Calling yourself an expert may be protected speech

Scott Forsyth, The Daily Record Newswire

Attorneys like to complain about the advertising done by their brethren. Unseemly and the root of much that ails the profession, they moan.

If you are of this school of thought, and I am not, you will not like a case lost by the Florida Bar last month. Going forward, a Florida attorney may call himself an expert or a specialist, Searcy v. Florida Bar, No. 4:13-cv-00664 (N.D. Fla. Sept. 30, 2015).

The Florida Bar zealously regulates attorney advertising, for better or worse. It requires an attorney to submit an ad to its Ethics and Advertising Division for approval before publication. It will not approve an ad if the ad contains "deceptive and inherently misleading" statements or represents an attorney is "a specialist, an expert, or other variations of those terms." An example of misleading statements is "references to past results unless such information is objectively verifiable."

The Florida Bar does have a program whereby an attorney may become certified in a particular field of law. An attorney may advertise his certification.

The Florida Bar has this power in part because, unlike the New York State Bar, it is an arm of the State of Florida. To practice in Florida an attorney must be a member of the Florida Bar.

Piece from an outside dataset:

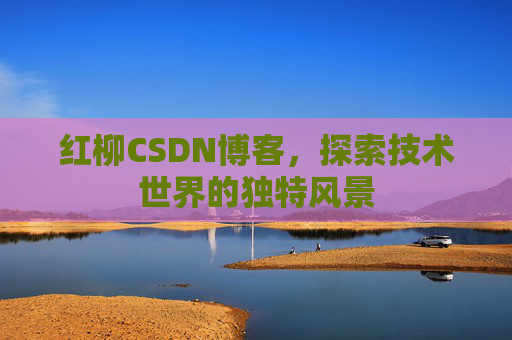 红柳CSDN博客，探索技术世界的独特风景
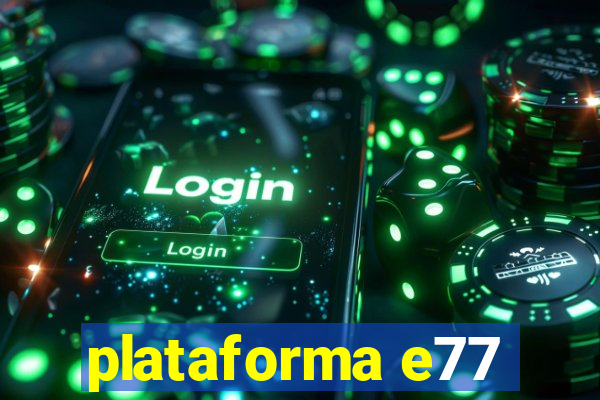 plataforma e77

Enter the personal injury law firm Searcy Denney Scarola & Shipley PA of Tallahassee. It submitted for approval 13 pages from its website and materials from its blog.

On the website the firm made several political statements, such as "when it comes to 'tort reform,' there is a single winner: the insurance industry." It also asserted "32 years of experience handling mass tort cases, resulting in justice for clients" and being "one of the few law firms in the country to successfully represent innocent victims of dangerous herbal supplements."

The Ethics and Advertising Division, to quote the court, "provided rather remarkable responses" to the submission. The political statements were not objectively verifiable and thus prohibited. Similarly, the assertions about handling mass tort cases and representing herbal supplement victims were prohibited because "justice" and "successfully" were not objectively verifiable. Apparently, the Division also disapproved of the assertions because they implied the firm's attorneys were specialists or experts.

The partners sued, alleging the bar violated their First Amendment rights. In particular, they attacked the two rules invoked to strike their postings.

In its pleadings, the Bar backed off from its "obviously unconstitutional position" the political statements could not be posted. But it held firm the assertions violated the rules prohibiting misleading advertisements and statements on expertise.

On its face the objectively-verifiable rule does not proscribe a statement about an attorney achieving justice or success for clients. The plaintiffs did not appeal the decision of the Division to the Board of Governors. The board could have interpreted the rule in a constitutional manner. The plaintiffs' failure to appeal made their challenge of the objectively-verifiable rule premature, so held the court.

In dicta the court strongly hinted if the board did back the decision of the Division, it would have found the rule as applied to be unconstitutional.

On the other hand the no-expert rule clearly limited what the plaintiffs can say and their challenge of the rule was ripe.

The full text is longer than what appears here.